Con una produzione hollywoodiana e una regia che non ha niente da invidiare ai registi suddetti, Sorrentino dà grande sfoggio di tutto quello che ha appreso dagli stessi: "This Must Be The Place" è soprattutto uno spettacolo per gli occhi, che siano le tranquille strade di Dublino, le sterminate pianure americane su cui corrono nastri asfaltati senza fine o i primi piani del volto di Cheyenne (il protagonista, interpretato da un grande Sean Penn), la fotografia accesa, abbagliante di luoghi e volti rimarrà impressa per sempre nella retina dello spettatore.

La storia segue due corsi: nella prima parte, che si svolge in Irlanda, leggermente più esuberante della seconda, viene presentata la vita annoiata di una rockstar, interpretata dal già citato Sean Penn, i cui virtuosismi espressivi ci mostrano tutta la sua classe, con un personaggio dall'aspetto che è un misto tra Robert Smith dei Cure ed Edward Scissorhands, non più in attività a causa di un tragico evento avvenuto molti anni prima, che vive nell'agiatezza grazie ai suoi vecchi successi, con la moglie (la brava Frances McDormand) e la figlia, interpretata da Eve Hewson, figlia di Bono degli U2 (e tornano ancora riferimenti alle torride atmosfere di un "Joshua Tree", una delle icone epocali nella discografia del gruppo irlandese, agli anni '80 e alle atmosfere dell'Altra America); tra episodi seri e semiseri, si approda alla seconda parte in cui la storia si trasferisce negli States e si trasforma in un road-movie in grande stile, ma con un incedere più lento, racconto di una ricerca fatta di incontri e scoperte, nel tentativo di raddrizzare una situazione personale, su un sottofondo dai risvolti universalmente drammatici come l'Olocausto durante la II Guerra Mondiale.

Imperdibile per gli estimatori di Paolo Sorrentino e per gli amanti del cinema alternativo "on the road".

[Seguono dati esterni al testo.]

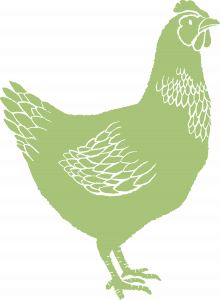 green chicken graphic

Ottima la colonna sonora come in tutti i film di Sorrentino, stavolta con ancora più enfasi in quanto curata da David Byrne, che fa anche una sua apparizione nel film nei panni di sé stesso.
Va sottolineato anche il fatto che il titolo del film è tratto da una vecchia canzone dell'ormai disciolto gruppo dei Talking Heads di cui Byrne è stato il carismatico leader.